Now create FTP connection and upload the TAR file.
Note that this takes a while.
If you are worried that it will timeout given the size of your file, you can run this notebook via `slurm` so there is no timing out:

In [14]:
print(f"Starting upload at {datetime.datetime.now()}")

with ftplib.FTP(ftp_address) as ftp:
    ftp.login(user=ftp_username,
              passwd=ftp_password,
              )
    ftp.cwd(ftp_account_folder)
    ftp.mkd(ftp_subfolder)
    ftp.cwd(ftp_subfolder)
    with open(tar_filename, 'rb') as f:
        ftp.storbinary(f"STOR {tar_filename}", f)
        
print(f"Finished upload at {datetime.datetime.now()}")
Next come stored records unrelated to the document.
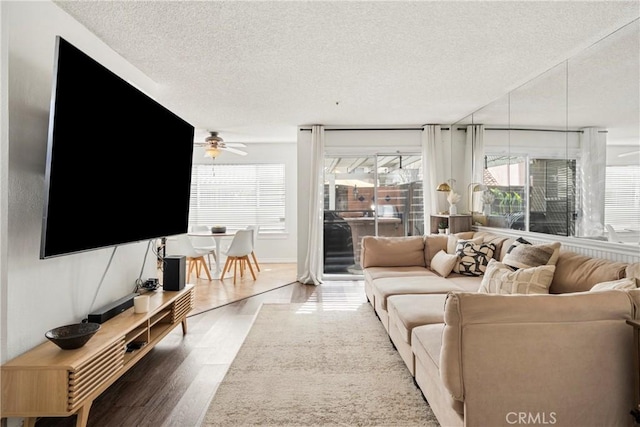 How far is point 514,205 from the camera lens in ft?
12.7

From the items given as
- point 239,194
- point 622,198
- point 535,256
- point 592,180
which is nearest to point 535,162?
point 592,180

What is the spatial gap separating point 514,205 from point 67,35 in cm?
439

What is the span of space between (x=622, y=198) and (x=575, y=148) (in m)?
0.66

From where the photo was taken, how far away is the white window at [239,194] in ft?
24.3

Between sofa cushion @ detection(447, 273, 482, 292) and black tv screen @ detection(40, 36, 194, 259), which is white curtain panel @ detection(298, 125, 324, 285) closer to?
sofa cushion @ detection(447, 273, 482, 292)

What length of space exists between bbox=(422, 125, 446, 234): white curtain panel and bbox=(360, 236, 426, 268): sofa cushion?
1.30 m

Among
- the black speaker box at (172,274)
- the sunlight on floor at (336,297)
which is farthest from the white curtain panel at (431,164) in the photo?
the black speaker box at (172,274)

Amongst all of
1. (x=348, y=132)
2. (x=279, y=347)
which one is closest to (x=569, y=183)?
(x=279, y=347)

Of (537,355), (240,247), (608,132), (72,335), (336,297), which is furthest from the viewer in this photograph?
(240,247)

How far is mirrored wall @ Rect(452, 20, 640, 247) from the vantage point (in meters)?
2.43

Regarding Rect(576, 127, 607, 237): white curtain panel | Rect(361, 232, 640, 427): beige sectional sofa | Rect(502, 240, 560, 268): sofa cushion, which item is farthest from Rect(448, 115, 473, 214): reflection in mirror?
Rect(361, 232, 640, 427): beige sectional sofa

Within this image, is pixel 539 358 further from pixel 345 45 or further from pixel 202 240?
pixel 202 240

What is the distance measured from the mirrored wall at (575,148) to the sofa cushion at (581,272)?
0.32 m

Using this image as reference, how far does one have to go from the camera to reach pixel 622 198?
96.4 inches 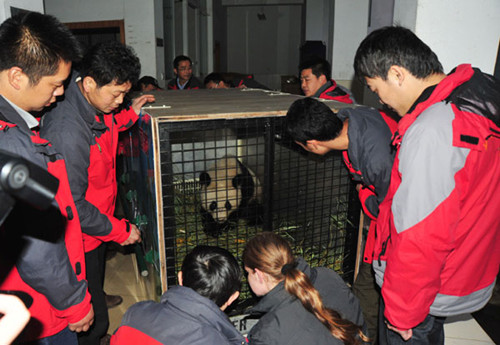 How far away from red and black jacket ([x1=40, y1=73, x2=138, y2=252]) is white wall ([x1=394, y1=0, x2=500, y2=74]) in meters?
1.93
Starting upload at 2020-06-16 18:07:42.589806
Finished upload at 2020-06-17 00:45:05.078738


Finally, used the SRA wizard to select the `*.tar` archive and complete the submission.
Note that there is a warning of missing files since everything was uploaded as a `*.tar` rather than individual files.
They should all be found when you hit the button to proceed and the `*.tar` is unpacked.

There was then a message that the submission was processing, and data would be released immediately upon processing.
The submission number is `SUB7594564`.